[[ Information, beginning ]]

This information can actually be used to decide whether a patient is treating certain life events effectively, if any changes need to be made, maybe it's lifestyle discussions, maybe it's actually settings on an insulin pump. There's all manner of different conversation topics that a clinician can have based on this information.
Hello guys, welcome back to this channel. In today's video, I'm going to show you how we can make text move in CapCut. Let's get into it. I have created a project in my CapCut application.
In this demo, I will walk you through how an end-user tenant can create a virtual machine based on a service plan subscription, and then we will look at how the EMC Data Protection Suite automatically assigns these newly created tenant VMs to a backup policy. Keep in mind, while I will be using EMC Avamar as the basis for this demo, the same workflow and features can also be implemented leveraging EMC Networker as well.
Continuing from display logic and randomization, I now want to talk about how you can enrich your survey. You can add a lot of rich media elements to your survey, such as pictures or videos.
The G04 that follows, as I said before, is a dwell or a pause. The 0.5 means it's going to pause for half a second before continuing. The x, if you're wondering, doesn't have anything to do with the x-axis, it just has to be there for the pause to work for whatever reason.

[[ Information, end ]]
[[ Information, beginning ]]

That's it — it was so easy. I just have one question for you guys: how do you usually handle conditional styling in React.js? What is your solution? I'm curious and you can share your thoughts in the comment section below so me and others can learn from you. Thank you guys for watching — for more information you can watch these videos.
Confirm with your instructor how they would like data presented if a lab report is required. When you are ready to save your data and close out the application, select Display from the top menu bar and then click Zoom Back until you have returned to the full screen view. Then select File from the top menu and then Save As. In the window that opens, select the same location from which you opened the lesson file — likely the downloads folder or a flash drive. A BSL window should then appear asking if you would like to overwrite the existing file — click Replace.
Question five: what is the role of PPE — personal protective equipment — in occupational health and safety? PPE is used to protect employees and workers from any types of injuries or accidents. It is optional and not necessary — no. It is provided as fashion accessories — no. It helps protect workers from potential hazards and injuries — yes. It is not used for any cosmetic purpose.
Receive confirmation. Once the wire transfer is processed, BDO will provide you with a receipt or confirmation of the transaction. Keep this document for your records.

[[ Information, end ]]

An exact copy of the lines above, from the one containing "This information can" through the one containing "The G04 that", is the whole of the answer.

* _Response for this exercise_:
This information can actually be used to decide whether a patient is treating certain life events effectively, if any changes need to be made, maybe it's lifestyle discussions, maybe it's actually settings on an insulin pump. There's all manner of different conversation topics that a clinician can have based on this information.
Hello guys, welcome back to this channel. In today's video, I'm going to show you how we can make text move in CapCut. Let's get into it. I have created a project in my CapCut application.
In this demo, I will walk you through how an end-user tenant can create a virtual machine based on a service plan subscription, and then we will look at how the EMC Data Protection Suite automatically assigns these newly created tenant VMs to a backup policy. Keep in mind, while I will be using EMC Avamar as the basis for this demo, the same workflow and features can also be implemented leveraging EMC Networker as well.
Continuing from display logic and randomization, I now want to talk about how you can enrich your survey. You can add a lot of rich media elements to your survey, such as pictures or videos.
The G04 that follows, as I said before, is a dwell or a pause. The 0.5 means it's going to pause for half a second before continuing. The x, if you're wondering, doesn't have anything to do with the x-axis, it just has to be there for the pause to work for whatever reason.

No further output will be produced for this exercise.